One young woman I met was baking cookies while her four-month old napped. She told me that an educational consultant had helped her family find FCH. She'd been there for over a year and in that time, finished high school while learning how to care for her baby. She talked about the classes and therapy at FCH and about how much they had helped her. She also said that she had learned a great deal from the other girls in the program and had come to think of them as part of her family.

At the end of the summer, she's moving back to the Midwest and will be living with her brother, his wife and their new baby. Her brother and his wife have played an active role in the family therapy FCH offers.

This young woman has been accepted at a community college back home and will study nursing - because, as she told me "Nurses are in demand these days and hospitals have been at the fore-front of offering on-site daycare." She feels like she knows how to evaluate good child care because she has had the opportunity to observe the childcare center at FCH, which serves the children of clients, staff and even a few children from the community. The plan is that she and her sister-in-law will share childcare responsibilities while she is in school.
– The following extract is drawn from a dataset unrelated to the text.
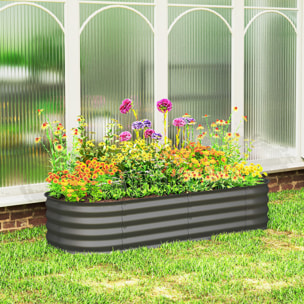 Carré potager de jardin dim. 150L x 62l x 30H cm modulable tôle d'acier ondulée anthracite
She also wanted me to know that when her life is more stable and her daughter is older, she will do more to pursue her dream of becoming a baker.

While many of the girls at FCH come from Montana and the Pacific Northwest - and are often paid for by state or local governments - an increasing number of girls are private pay clients. More than one girl has come to Crittenton upon discovering she is pregnant at her wilderness physical.
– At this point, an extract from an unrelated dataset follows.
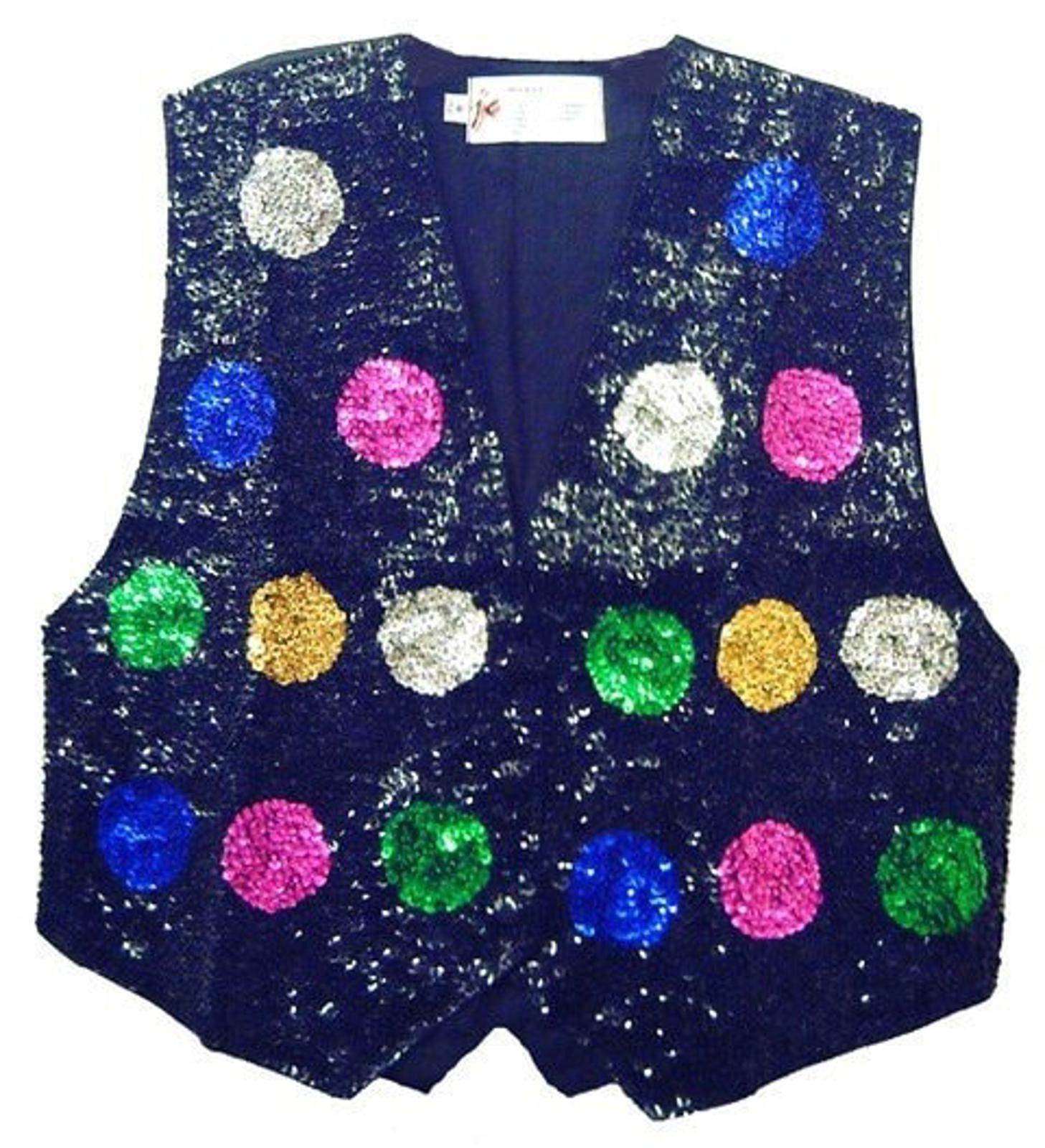 Designer Sequin Vest Black w/Color Dots (size Medium only available) Size M / US 6-8 / IT 42-44 - 1 Preview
For you history buffs...in 1883, the first of what grew to 76 Crittenton Homes in the US and abroad was founded by pharmacist and self-made millionaire, Charles Crittenton. Intended to serve "lost women and wayward girls" the homes were named after Crittenton's daughter who had died from scarlet fever. The Helena facility opened in 1896.

Today, the remaining 20 + Crittenton organizations and the newly reorganized National Crittenton Foundation (offering the independent Crittenton facilities across the country opportunities to collaborate in many important ways) have, indeed, come along way, baby.
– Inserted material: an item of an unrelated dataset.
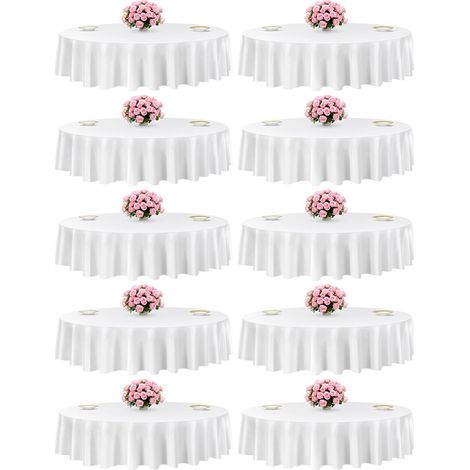 Nappe Ronde Blanche, 2286 mm, Couverture de Table en Polyester, Lot de 10, résistante aux Taches et aux Plis, Lavable en Machine, pour Salle à Manger, Mariage, fête, Banquet, événement Officiel (1/5)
While remaining true to their mission to serve pregnant and parenting young mothers, agencies across the country today talk about safety, hope and opportunity...about healthy babies, nurturing mothers, education and jobs - even about services for the expectant father and programs designed to bring him into the circle of the family.

While incorporating the entire attribute mentioned above, FCH or Florence Crittenton of Montana is unique in its application of attachment and bonding theory each and every day with its program participants. The Helena program certainly lives up to its motto -- changing the future...two lives at a time.

In the words of Barbara Burton, "A teen pregnancy provides a unique opportunity for growth and change. We can help two generations, a teen mom and her baby, form healthy attachments. Through clinical intervention now, we can prevent a lifetime of difficulties...in fact, two lifetimes."